I decided to make 2 mirrored horns for the top of the helmet to save money on mold supplies.
After I had readied my master horns for the left and right side, I created a silicon mold using an Alumilite kit and some Legos to form a mold box.
I made a total of 12 horns using Smooth-Cast 300 Resin and ground them level with my belt sander. Attaching these horns to the Mask Body was probably the most frustrating thing I've ever done. I decided to use small dabs of hot glue to temporarily stick the horns (which, by the way, had to be individually cut to perfectly fit the curvature of their locations) to the Mask Body. Then, I used small amounts of Bondo to secure the underside of the Horns to the Body. After that Bondo had time to cure I made up a new batch to help smooth the transition between the horns and the Mask Body. I spent the next three hours sanding...and sanding....and sanding away this Bondo.
At this point, the prototype Majora's Mask was complete. I drilled 2 3/8" holes into the back of the back and inserted dowel rods. Then I drilled corresponding holes into a 2x4, and stuck the mask on. This would serve as a painting/molding stand.
Before I began to mold the Majora's Mask, I gave it two coats of filler primer.
Step 7: Creating a Silicon Mold and Fiberglass Mothermold
As with any casting project, no two projects are the same. After much deliberation, I decided to glue the Mask down to a large piece of melamine (bought from the shelving section at Lowe's). I used Sculpey to fill the undercuts that appeared between the horns and the board. This way, I could paint on a silicon mold and slush cast. I think the pictures tell the story better than I can, but basically I painted two layers of Rebound 25, two layers of Rebound 40, one layer of 1:1 Rebound 25/40 thickened with Thi-vex, one layer of Rebound 25 thickened with Thi-vex, and a final coat of Rebound 25 to smooth everything over. You might be thinking "holy crap, that's a lot of silicon!", but I wanted to make sure that the mold had enough stability to be slush casted later on. I ended up using one trial kit of Rebound 40 and about two and a half kits of Rebound 25.

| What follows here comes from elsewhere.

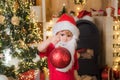 Happy child with Christmas ball. Cute little kids celebrating Christmas. Happy cute child in Santa hat with bauble have Royalty Free Stock Photo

For the mothermold, I first cut up two 8-foot cloths into manageable strips. Then, I mixed about a half-cup full of fiberglass resin and painted it onto the silicon. The strips were placed onto the silicon and were soaked with resin by dabbing a paintbrush over them. I ended up using an entire can of resin for this particular mothermold (oops?), but it turned out very nicely in the end. I allowed the mothermold to dry overnight, and in the morning I mixed up some Bondo and slathered it on in a few places where I intended to drill through for bolts.
I used 3/8" bolts and wingnuts as a way to clamp the whole thing together, which turned out to be pretty effective.
I began casting by pouring rotocasting resin (Smooth-On's Smoothcast 65D) into the mold and bolting it shut quickly. I had to move quickly so that the resin wouldn't gel up before I had a chance to shush it around in the mold. I included a picture of a few of my resin screw-ups...slush casting a twenty pound piece for 15 minutes is harder than it sounds!!
I used some PolyTek R2 Polyurethane foam to fill the thin resin copy. Pretty messy stuff, that foam.
Step 8: Paint It Up!
I'll preface this step by saying that I haven't ever used acrylics before. I figured that the more time I spent painting this thing, the better it would turn out. The entire process took 3 days. After I had pulled a good-looking cast, I needed to clean it up with some sanding and glazing putty. I gave the entire mask two coats of gray primer before I started in with the acrylics. I started by painting the magenta and purple areas on the mask, since they make up most of the surface. I used some Frog Painter's Tape to rope off the areas where the black borders were so that I could get a sharp edge. I used two layers of straight black paint to cover the black areas. Next, I mixed up a pale yellow color and painted a base coat on each of the horns and the eyes. If you notice in the pictures, I didn't paint the yellow all the way down the horns so that it would be easier to blend some color into the horns later. I left all of the paint above to dry overnight before moving into the next steps.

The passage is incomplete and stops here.